As the defect progresses, the bitemporal hemianopia will become more complete but usually asymmetric and eventually with evidence of optic neuropathy on one or other side. A craniopharyngioma may cause a bilateral inferotemporal quadrantanopia but is more likely to give rise to a combination of optic nerve, chiasm and tract deficits.
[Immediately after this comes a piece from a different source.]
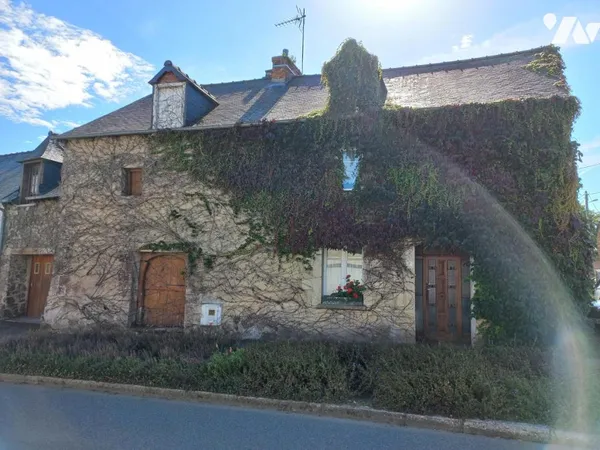 Maison 3 pièces 66 m²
■Complete bitemporal hemianopia: may occur with compressive lesions of the chiasm but such a clear-cut deficit is typically only seen in cases of traumatic chiasmal
■ Central scotoma: the commonest cause is age related macular degeneration. In the case of optic nerve disease, such a symmetrical picture is more likely to be toxic, nutritional, or an inherited condition. Cone dystrophy can produce a similar picture.
■ Superior altitudinal heminaopia in the left eye: typically seen with nonarteritic anterior ischaemic optic neuropathy but also normal pressure glaucoma (usually
bilateral and with arcuate defects in the lower field also), hemicentral vein occlusion, branch retinal artery occlusion, ptosis (less severe), sector panretinal photocoagulation (PRP) laser, and inferior retinal detachment.
■ Concentric peripheral field loss: may be seen in retinitis pigmentosa, chronic atrophic papilloedema (e.g.idiopathic intracranial hypertension), end-stage glaucoma, PRP, central retinal artery occlusion with cilioretinal artery sparing (usually unilateral), optic neuropathies, and in vigabatrin toxicity.